The title of Dr. Bazian's talk was "Empire's Embedded Intellectuals." It focused on the individuals and groups within American universities that define themselves as patriotic defenders of America who are dedicated to the promotion of America's pro-Israel foreign policy. He referred specifically to educators like Princeton historian Bernard Lewis, Harvard political scientist Samuel Huntington, and Fouad Ajami of Johns Hopkins.
He spoke of the efforts of neo-conservatives in Washington to control the research of university Middle East Studies departments by placing new restrictions on government Title VI federal grants and other programs. "We can see a new charge given to all professors of Middle East Studies and other related fields to become embedded intellectuals serving dutifully the aspirations of empire," asserted Dr. Barzian.
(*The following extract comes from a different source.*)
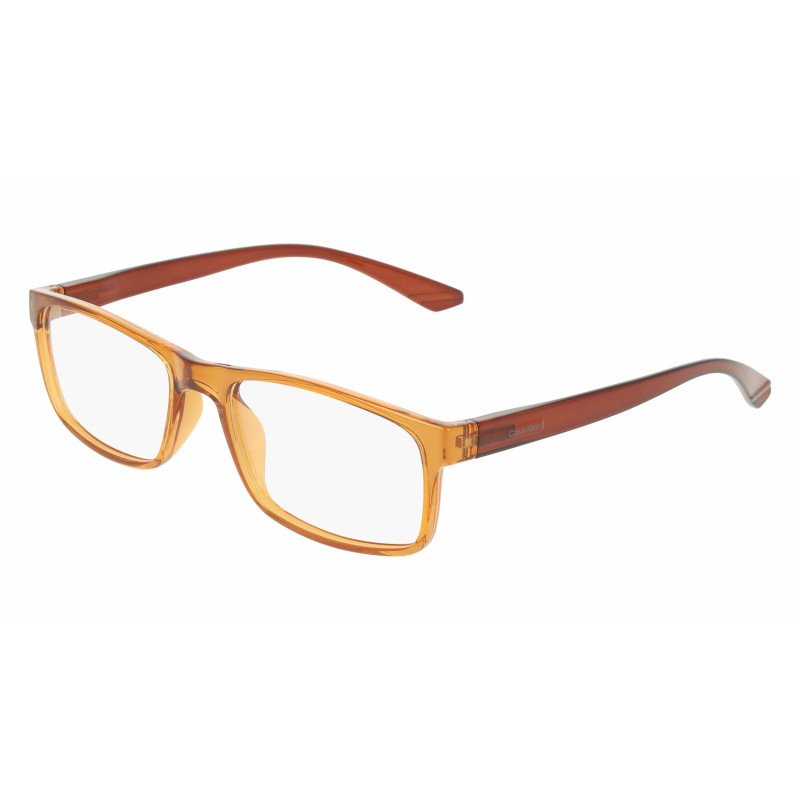 Eyeglasses CK 19569 N 201 Transparent Light Brown 55mm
"What we have here is a call for maintaining Middle Eastern studies through the Israeli lens," he stated and pointed to Daniel Pipes' Campus Watch Web site which targets professors who criticize Israel and U.S. foreign policy. Noting that universities are dependent to a significant degree on grants and federal funding, he warned that this can have a dangerous impact on Middle East scholarly research.
Robert Gaines spent several years in the Publications Office of Sultan Qaboos University, Muscat, Sultanate of Oman. He is currently working on a book about Muslim education around the world.